I happen to have the opposite view, specially with Blend and component libraries into the mix.
CSS had to get WPF grid design in order to not be a poor table sibling in what concerns layouts.
While WPF is backed by DirectX, CSS requires playing with Z order, so that some browsers might eventually put the rendering into the GPU, but one needs to take care because space is limited.
While I can render anything down to pixel level control, if I wish to do so, I am still waiting for Houdini and worlets to actually become available.
And the whole template language with events and theming for low level customisation of control behaviours? Nowhere to be seen.
Using Blend feels to me like using Word to create HTML pages - the resulting output is horrible.
CSS layout was indeed a struggle many years ago, but now with flexbox I never failed to put stuff exactly where I wanted, and I barely understand it. And the new shiny thing, CSS Grid, is supposedly even better at controlling layout.
Similarly to many MS technologies from that era, WPF/XAML is not half bad at the core, but so verbose. Probably intended to be primarily generated by tooling.
Having been a Turbo Vision and OWL user, which lacked UI designer support, following up with VB and Delphi/C++ Builder, I never understood the macho attitude of doing GUI design manually without tooling support.
Any framework that comes with tooling support out of box is a plus for me.
Hence in what concerns Web, I care mostly about WebComponents, CMS middleware with page designers and SPA frameworks like Angular.
I reckon for designers are excellent for forms. The further you go beyond a data crud app, the less benefit you get from visual designers, because more stuff will be animated, contextual, custom, etc.
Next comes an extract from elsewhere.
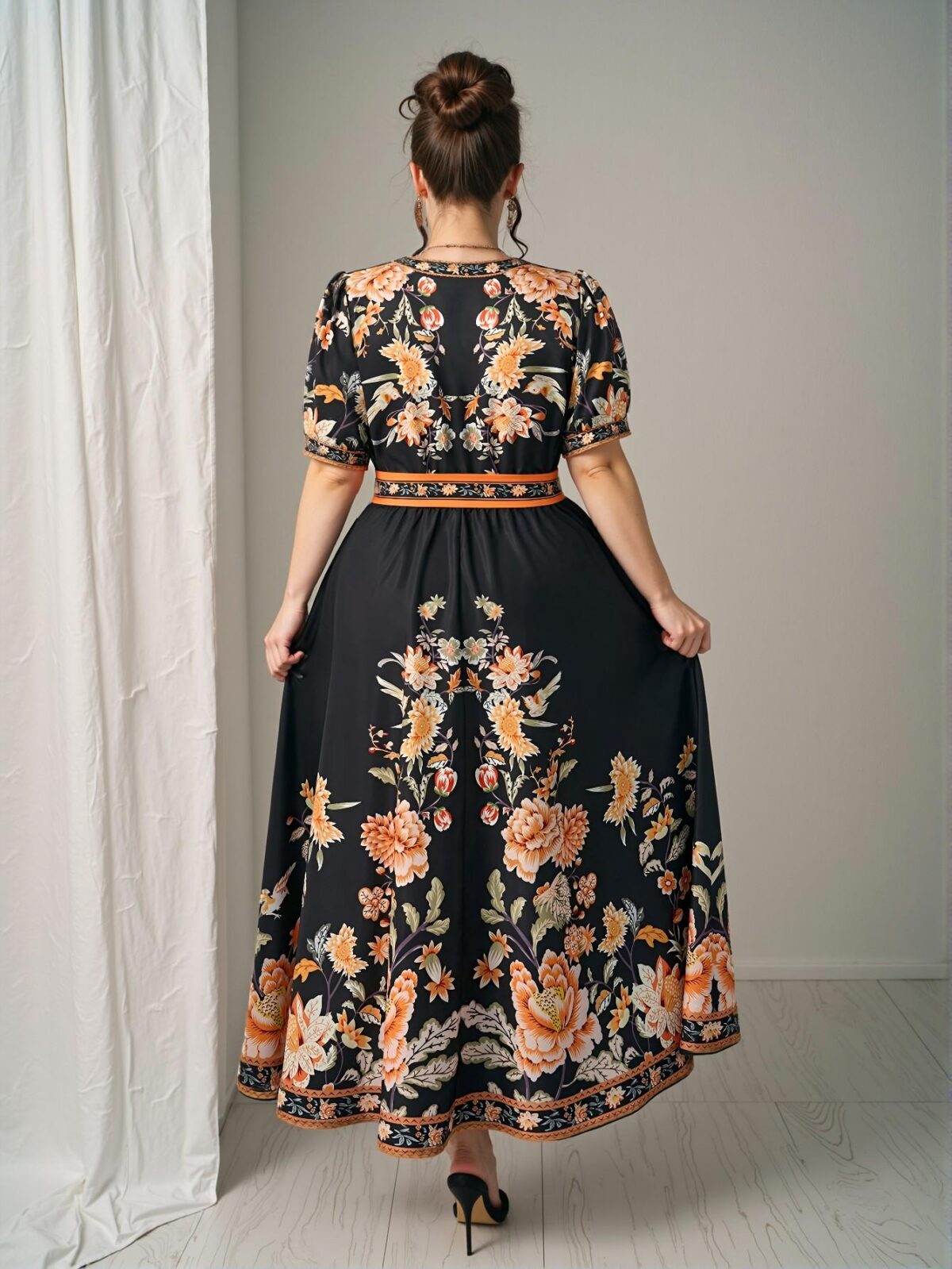 Elegant Multicolor Boho Style Printed Cinched Waist V-Neck Half Sleeve Dress for Thailand and Maldives Vacation, Featuring Ruffle Hem and Flared Midi Cut - Chic, Classy and Trendy Fashion Style to Dress to Impress - Image 2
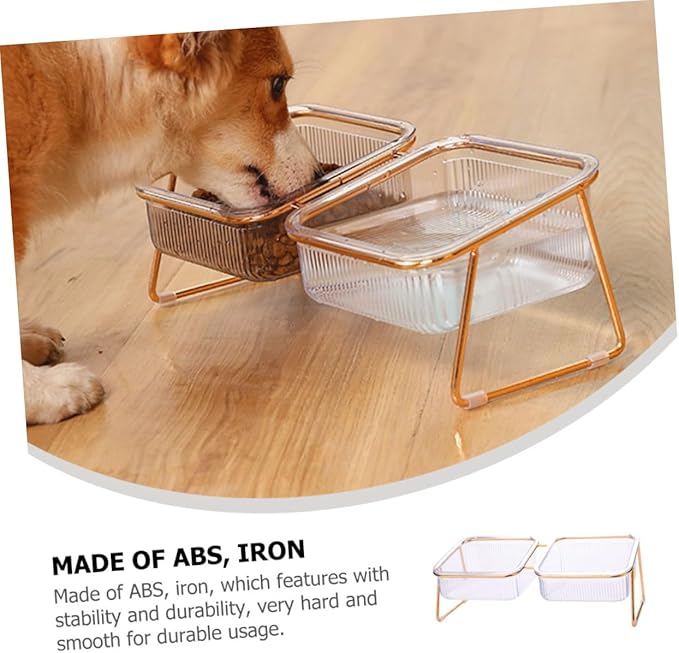 Elevated Cat Bowl with Iron Stand Abs Feeding and Water Feeder for Pets Stable Anti-tip Design Dual Bowls for Cats and Dogs Easy to pet Feeding Watering Station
CRUD apps is a really big application space to cede, though, I totally think tooling is worth it.
It depends very strongly on how you used WPF. It had many footguns, due to a foolish decision to seemingly support the expectations of winforms developers.
CSS had to get WPF grid design in order to not be a poor table sibling in what concerns layouts.
While WPF is backed by DirectX, CSS requires playing with Z order, so that some browsers might eventually put the rendering into the GPU, but one needs to take care because space is limited.
While I can render anything down to pixel level control, if I wish to do so, I am still waiting for Houdini and worlets to actually become available.
And the whole template language with events and theming for low level customisation of control behaviours? Nowhere to be seen.